I had a list of about 25,000 keywords and I limited it to about 6,500 by running it through AdWords keyword tool, and then to about 1,500 by chosing the ones that are most interesting and stay, for the most part, in the range of 1,000 to 5,000 Local Monthly Searches (on [Exact], USA only). I have that list in a spreadsheet and I am wondering what would be the best way to determine which keywords are the best candidates for SEO websites from the perspective of competitive research. Somebody told me that I can enter keywords and add all the Page Rank numbers on the first page, and if the number is less than 20, I should be able to beat the competition, but from what I've been looking I am not sure how good this method really is... I also have SEOquake installed on Chrome and it shows all the information like PR, Google Index (number of indexed pages), Bing Index, LD (SEMrush linkdomain), and some other info like Alexa Rank, domain age etc. I also have 3 SEO plugins for Firefox that show similar information. Having all that info I am wondering what would be the best way to find good candidates for website building out of these 1,500 keywords. Would I be looking at backlings number only, or Page Rank method etc... If the number of backlinks is what matters most, what would be the best source of that info and what would be a number that I would be looking at etc (I know there more to it than this <like link anchor text, reputation of sites when the links are coming from etc> but I am just wondering about the best and fairly quick way to get some good keywords out of the list that I have) Thank you in advance for any info.

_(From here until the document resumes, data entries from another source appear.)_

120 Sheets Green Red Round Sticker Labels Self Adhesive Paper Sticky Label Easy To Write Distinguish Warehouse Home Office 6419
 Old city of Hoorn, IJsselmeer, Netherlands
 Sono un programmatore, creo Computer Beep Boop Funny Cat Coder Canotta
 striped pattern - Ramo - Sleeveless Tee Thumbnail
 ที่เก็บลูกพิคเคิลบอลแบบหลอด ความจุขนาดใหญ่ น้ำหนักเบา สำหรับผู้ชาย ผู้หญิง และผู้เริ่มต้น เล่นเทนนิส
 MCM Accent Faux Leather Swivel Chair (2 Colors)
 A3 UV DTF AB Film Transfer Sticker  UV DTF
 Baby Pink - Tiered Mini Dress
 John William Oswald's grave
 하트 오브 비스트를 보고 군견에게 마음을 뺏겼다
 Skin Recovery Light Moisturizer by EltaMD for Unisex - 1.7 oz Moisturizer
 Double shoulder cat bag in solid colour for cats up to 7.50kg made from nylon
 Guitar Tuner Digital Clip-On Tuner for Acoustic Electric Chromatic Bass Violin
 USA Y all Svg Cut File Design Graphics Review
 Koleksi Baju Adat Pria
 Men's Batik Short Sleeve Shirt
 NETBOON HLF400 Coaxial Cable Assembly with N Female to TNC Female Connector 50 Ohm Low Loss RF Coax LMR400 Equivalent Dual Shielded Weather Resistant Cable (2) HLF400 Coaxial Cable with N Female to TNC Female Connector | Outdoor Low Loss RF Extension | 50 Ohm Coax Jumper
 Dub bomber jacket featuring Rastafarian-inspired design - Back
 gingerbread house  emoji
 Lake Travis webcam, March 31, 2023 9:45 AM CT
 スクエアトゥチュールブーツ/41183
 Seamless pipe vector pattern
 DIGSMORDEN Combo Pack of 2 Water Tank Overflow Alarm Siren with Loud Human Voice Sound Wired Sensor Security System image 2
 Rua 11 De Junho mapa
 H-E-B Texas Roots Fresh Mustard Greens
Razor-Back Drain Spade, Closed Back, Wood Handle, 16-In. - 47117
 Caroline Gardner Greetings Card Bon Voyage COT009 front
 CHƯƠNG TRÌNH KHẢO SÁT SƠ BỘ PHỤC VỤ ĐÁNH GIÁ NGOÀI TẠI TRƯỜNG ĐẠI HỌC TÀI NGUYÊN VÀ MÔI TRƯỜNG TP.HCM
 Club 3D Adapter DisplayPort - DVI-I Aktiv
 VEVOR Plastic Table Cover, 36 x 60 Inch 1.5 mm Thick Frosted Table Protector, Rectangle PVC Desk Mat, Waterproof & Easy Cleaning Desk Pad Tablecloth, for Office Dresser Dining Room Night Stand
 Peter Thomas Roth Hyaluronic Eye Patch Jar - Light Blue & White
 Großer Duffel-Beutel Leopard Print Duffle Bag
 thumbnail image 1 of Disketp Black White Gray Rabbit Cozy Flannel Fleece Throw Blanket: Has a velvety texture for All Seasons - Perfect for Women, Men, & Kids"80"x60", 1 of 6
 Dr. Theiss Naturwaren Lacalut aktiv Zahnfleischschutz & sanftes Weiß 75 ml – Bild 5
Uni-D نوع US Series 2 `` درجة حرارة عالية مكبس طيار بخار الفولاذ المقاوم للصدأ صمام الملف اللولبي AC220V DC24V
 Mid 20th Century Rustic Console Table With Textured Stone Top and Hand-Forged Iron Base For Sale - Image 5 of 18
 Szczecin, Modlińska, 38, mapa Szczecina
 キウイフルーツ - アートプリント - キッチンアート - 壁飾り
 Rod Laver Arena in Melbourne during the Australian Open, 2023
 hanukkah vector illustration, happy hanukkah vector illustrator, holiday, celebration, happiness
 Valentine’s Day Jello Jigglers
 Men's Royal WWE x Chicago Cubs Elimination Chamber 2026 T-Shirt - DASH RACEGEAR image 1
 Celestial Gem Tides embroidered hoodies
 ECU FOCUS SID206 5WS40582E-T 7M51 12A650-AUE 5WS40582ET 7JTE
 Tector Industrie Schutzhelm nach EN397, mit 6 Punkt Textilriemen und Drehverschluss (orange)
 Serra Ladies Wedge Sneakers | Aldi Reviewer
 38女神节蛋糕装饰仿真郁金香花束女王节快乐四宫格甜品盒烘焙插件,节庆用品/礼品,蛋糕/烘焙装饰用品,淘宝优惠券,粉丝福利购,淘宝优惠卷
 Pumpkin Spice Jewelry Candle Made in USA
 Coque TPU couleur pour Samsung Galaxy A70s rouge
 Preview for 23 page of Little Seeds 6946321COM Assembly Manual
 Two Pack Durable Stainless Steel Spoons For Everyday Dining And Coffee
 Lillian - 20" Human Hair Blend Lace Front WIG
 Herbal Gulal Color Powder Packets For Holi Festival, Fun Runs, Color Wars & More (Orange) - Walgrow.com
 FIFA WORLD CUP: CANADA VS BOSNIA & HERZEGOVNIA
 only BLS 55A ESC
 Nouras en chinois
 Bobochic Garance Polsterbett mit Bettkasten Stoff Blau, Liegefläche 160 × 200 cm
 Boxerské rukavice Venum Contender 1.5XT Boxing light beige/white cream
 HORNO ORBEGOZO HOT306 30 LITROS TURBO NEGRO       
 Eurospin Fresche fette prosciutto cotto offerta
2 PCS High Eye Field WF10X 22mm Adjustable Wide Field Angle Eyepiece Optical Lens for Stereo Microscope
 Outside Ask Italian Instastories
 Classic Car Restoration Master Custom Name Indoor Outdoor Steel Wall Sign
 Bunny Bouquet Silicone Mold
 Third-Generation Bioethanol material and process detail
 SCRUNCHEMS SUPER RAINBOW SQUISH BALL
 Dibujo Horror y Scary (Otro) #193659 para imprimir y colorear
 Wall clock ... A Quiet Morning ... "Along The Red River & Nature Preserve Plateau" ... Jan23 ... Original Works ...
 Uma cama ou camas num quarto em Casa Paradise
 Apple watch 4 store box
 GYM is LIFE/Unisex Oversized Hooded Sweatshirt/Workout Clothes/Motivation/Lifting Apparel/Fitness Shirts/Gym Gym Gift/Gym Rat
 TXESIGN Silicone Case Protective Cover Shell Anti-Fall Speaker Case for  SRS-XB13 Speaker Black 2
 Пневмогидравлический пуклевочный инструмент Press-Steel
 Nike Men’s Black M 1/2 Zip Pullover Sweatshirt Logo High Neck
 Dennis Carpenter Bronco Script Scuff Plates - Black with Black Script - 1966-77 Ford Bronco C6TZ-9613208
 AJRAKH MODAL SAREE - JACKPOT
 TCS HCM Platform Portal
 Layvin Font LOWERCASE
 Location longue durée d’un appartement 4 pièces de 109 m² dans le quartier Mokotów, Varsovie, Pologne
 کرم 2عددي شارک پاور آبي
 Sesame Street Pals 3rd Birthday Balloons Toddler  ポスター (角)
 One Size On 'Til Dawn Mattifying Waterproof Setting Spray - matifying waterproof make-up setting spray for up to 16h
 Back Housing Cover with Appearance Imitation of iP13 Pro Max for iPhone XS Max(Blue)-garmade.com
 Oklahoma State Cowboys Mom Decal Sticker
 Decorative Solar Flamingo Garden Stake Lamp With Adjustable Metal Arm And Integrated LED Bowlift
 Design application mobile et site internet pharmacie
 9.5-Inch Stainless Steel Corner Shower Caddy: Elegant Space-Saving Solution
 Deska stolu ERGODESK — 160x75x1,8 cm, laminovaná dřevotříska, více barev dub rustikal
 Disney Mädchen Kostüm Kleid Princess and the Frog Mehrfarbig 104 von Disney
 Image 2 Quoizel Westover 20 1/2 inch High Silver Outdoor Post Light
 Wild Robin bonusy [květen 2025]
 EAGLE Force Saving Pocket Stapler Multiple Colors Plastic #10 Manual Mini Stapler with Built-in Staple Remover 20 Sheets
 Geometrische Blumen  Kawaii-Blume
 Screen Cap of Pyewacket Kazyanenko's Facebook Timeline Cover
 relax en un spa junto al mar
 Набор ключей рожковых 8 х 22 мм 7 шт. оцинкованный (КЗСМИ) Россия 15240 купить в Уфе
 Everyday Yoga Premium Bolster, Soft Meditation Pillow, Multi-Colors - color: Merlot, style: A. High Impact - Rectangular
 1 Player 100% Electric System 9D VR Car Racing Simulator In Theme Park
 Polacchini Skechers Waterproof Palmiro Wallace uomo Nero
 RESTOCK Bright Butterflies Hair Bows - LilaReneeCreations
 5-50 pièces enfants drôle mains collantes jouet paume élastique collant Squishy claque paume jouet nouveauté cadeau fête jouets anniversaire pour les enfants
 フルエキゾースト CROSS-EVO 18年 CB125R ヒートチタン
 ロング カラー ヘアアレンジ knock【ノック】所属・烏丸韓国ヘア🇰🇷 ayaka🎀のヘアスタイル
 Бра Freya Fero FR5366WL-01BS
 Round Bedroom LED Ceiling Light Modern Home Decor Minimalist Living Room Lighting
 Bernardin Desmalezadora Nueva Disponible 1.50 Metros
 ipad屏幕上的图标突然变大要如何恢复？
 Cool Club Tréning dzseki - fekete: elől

i'd recommend looking at both page rank and backlinks. to see how stable the webpage's optimization is. be sure to check individual pages rather than just the domain, because individual pages usually have their own pagerank. you seem to be heading in the right direction, so best of luck!
I use the SEO Powersuite and Market Samurai. You can get a lot of information with both of these tools.
Alexa.com has a free service that lists all of the inbound links to any/every URL you tell it to look up. Alexa will also tell you their top 10 or so keywords, and whether the site is gaining or losing juice for any particular keyword. As for evaluating which keywords you should focus on, I know of a different formula than what you mentioned. It's an equation that I read about in a free ebook by Mequoda.com. You would probably get a lot of value out of reading it. Unfortunately, I don't get as scientific as you do (although I probably should). I do the Google Keyword Tool thing you mentioned; I look at how much competition Google shows on the keyword search results page. I also look a Google Webmaster Tools, which has one tab that tells your position in the index for numerous search terms. This is very helpful: -- When I see that I'm ranked high for a particular term, I implement a strategy to protect and keep it high. -- When I see that I'm in 'almost good' position for a term, I implement a strategy to support its growth. -- When I see that I'm at the bottom of the barrel for a keyword I want, I put it on the back burner (for now). I do the above, which I learned from some SEO clients I write for. Pick the low-hanging fruit and run with it, to get immediate leads and conversions. When your site becomes stronger, months down the line, that's a better time to take on the "tough" keywords. Don't spin your wheels right now with keywords you can get good traffic on yet.